- [EXERCISE INPUT]
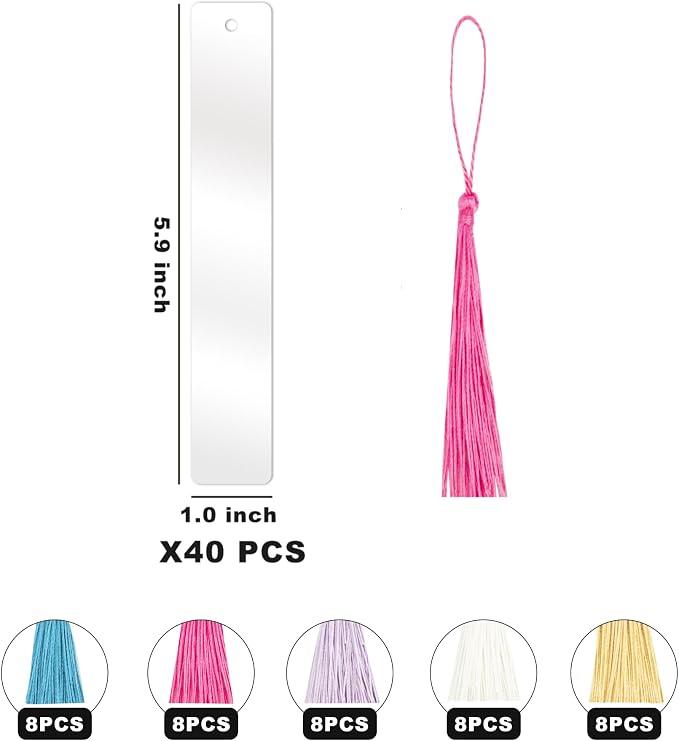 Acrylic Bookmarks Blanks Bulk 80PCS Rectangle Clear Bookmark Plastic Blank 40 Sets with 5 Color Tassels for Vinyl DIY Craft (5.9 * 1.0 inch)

* * *

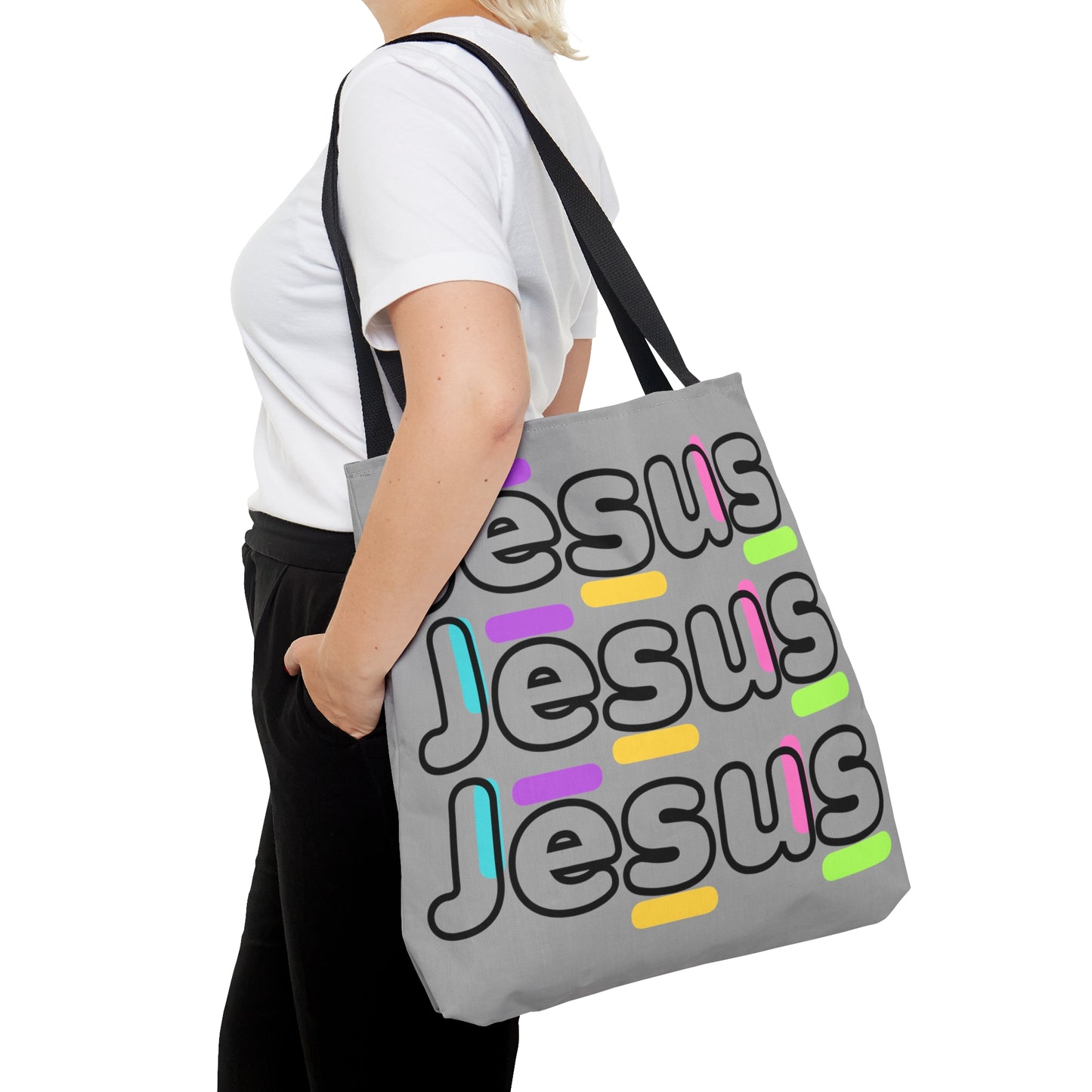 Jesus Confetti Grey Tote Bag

---

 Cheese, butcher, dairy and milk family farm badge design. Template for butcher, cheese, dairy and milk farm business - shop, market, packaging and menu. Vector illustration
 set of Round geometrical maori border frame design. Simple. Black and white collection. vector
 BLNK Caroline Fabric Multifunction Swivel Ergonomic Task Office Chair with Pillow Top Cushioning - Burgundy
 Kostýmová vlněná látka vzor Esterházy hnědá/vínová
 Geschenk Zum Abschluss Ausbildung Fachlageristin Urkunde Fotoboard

- [PROBLEM DESCRIPTION] Find the lines above that hold "design", then copy each of them.

- [REPLY]
 Cheese, butcher, dairy and milk family farm badge design. Template for butcher, cheese, dairy and milk farm business - shop, market, packaging and menu. Vector illustration
 set of Round geometrical maori border frame design. Simple. Black and white collection. vector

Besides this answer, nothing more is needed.